Kudos to these brave young people who live in a town that is midway between Austin and Dallas (geographically, that is), and is home to Baylor University, the well-known Baptist university:
The way they saw it, it was as if someone approached you to sell you a vacuum cleaner, and when you declined, the solicitor said you were going to hell.
After enduring such entreaties in front of their school for three days, some students at Waco High decided to do something about it.
They stood with signs across from the people of Church of the Open Door, who had their own signs and pamphlets about salvation and damnation.
The students chanted things like "No more harassment" and "Straight, but not narrow."
To my eyes it was emblematic of a nation's cultural clash. The evangelical right is feeling its oats after the last election. Nowhere might one feel more heady than in a Bible-belt place such as this. But that doesn't mean people here can't be offended by judgmental rhetoric and social invasiveness.
Waco High junior Amanda Whiddon, one of the counter-protesters, said she was furious that people would impose themselves on her classmates in such a fashion.
"These people really scared me. They were chasing people down and forcing pamphlets on them. It didn’t feel safe and it distracted from classes."
One day the message for students arriving at school was about abortion. The next day it was about homosexuality. Students who reacted defensively, they said, were advised they were going to hell....
Whiddon said she took great offense at someone condemning her classmates for a trait — homosexuality — she is confident they did not choose.
But she said she's seen the same dynamic before, growing up in a society where people can be judged by the color of their skin.
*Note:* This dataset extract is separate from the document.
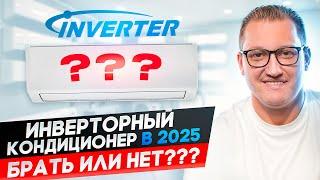 Стоит ли брать инверторный кондиционер в 2025? Мнение эксперта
In an inner-city high school, students learn to deal with difference in a way others don't in cloistered corners of their choosing.
"At Waco High you have to get along with every type of person," she said. She particularly took offense that pamphleteers would say that gay classmates were a "disgrace" to her school.
"That’s not going to work here," she said....
We can see now why public schools can be seen as a threat to those on the social right. Look at how they foster tolerance, respect for individuality and how they navigate a world of difference — the world in which we live.